Riesenkalmar Lebensraum-Karte

Gewohnheiten und Lebensstil

Riesenkalmare orientieren sich wahrscheinlich vorrangig anhand ihres gut entwickelten Sehvermögens. Ihre Augen zählen zu den größten im gesamten Tierreich. Lediglich die Augen des Koloss-Kalmars werden noch größer. Die riesigen Augen deuten auch auf den Lebensraum dieser Spezies hin – Meerestiefen, in die nur noch eine äußerst geringe Menge Licht vordringt. Über das Jagdverhalten der Tiere ist wenig bekannt. Untersuchungen des Magens brachten vor allem Reste von Kalmaren (auch der eigenen Art) und Fischen (zum Beispiel Hoki) zum Vorschein. Bisher wurde vermutet, dass der Riesenkalmar eher ein Lauerjäger als ein ausdauernd jagendes Tier sei. Die ersten Aufnahmen eines lebenden Tieres ließen jedoch Zweifel an dieser These aufkommen. Die Theorie, dass auch Pottwale auf seinem Speiseplan stehen, ist abwegig. Wahrscheinlicher ist, dass der Pottwal der einzige wirkliche Fressfeind großer ausgewachsener Riesenkalmare ist, wie Saugnapfnarben auf dem Körper von Walen und Reste von Riesenkalmaren in Pottwalmägen zeigen. Pottwale ernähren sich hauptsächlich von diversen Kalmar-Arten und unternehmen während der Jagd sehr lange und tiefe Tauchgänge. Mit Tauchtiefen von über 1000 Meter (gelegentlich bis 3000 Meter) können sie Kalmare erbeuten, die nur in der Tiefsee vorkommen und sonst von keinem anderen Säugetier erreicht werden können. Gigantische Saugnapfnarben auf der Walhaut förderten auch die Legende von ggf. über 60 Meter großen Kalmaren. Wie man aber inzwischen weiß, wachsen die Narben mit der Walhaut mit – d. h. eine tiefe Narbe, die ein Pottwal einst als Jungtier erhielt, dehnt sich mit dem Wachstum des Tieres mit aus.

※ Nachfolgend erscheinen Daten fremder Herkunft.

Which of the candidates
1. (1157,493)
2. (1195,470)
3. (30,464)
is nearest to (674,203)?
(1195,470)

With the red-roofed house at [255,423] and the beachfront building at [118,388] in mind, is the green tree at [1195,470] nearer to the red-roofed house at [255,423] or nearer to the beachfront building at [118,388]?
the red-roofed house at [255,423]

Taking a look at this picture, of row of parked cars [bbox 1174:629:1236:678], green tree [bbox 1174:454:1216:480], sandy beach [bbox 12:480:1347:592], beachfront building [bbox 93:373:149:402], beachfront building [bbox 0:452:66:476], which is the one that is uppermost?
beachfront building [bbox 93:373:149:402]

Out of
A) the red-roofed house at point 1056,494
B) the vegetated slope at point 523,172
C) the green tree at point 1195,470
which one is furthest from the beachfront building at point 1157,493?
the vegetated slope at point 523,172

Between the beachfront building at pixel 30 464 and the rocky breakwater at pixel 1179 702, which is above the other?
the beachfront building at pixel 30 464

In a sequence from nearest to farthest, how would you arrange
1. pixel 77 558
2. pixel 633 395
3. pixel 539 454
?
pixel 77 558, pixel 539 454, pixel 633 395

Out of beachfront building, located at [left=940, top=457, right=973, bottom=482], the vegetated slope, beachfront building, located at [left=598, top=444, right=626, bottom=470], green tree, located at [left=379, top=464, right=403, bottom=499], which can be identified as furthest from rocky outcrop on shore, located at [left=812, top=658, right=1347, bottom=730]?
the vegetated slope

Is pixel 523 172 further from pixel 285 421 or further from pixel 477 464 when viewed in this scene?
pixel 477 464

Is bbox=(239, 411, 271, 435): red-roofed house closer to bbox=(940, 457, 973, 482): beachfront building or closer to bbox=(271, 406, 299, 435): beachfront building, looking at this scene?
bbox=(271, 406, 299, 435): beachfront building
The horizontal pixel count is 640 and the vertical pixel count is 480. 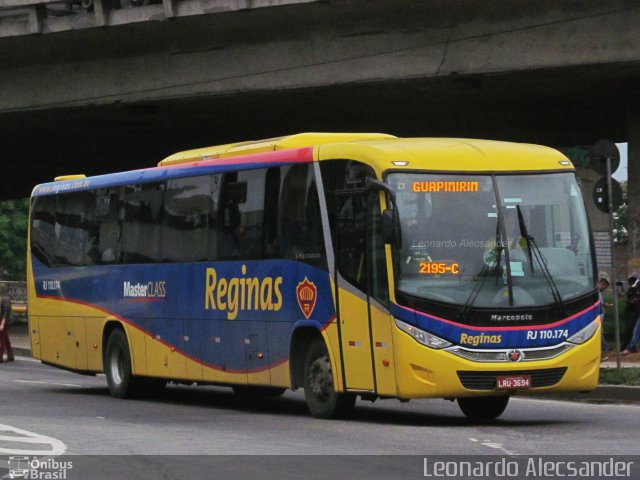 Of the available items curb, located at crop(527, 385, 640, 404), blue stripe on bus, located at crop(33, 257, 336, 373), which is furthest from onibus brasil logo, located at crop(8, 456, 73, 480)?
curb, located at crop(527, 385, 640, 404)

Sie erreicht beim erwachsenen Tier eine Größe, die das Wachstum des Wales, aber nicht die Größe des Tintenfischs widerspiegelt, der die Narbe einst verursacht hat. Kleinere Exemplare von Riesenkalmaren werden aber auch von verschiedenen Fischen und Haien gefressen, sehr kleine Exemplare an der Oberfläche sogar von Hochseevögeln wie Albatrossen. Mittelgroße Exemplare fallen auch großen Grauhaien oder neben Pottwalen auch anderen größeren Zahnwalen zum Opfer, die in der Tiefsee nach Kopffüßern jagen.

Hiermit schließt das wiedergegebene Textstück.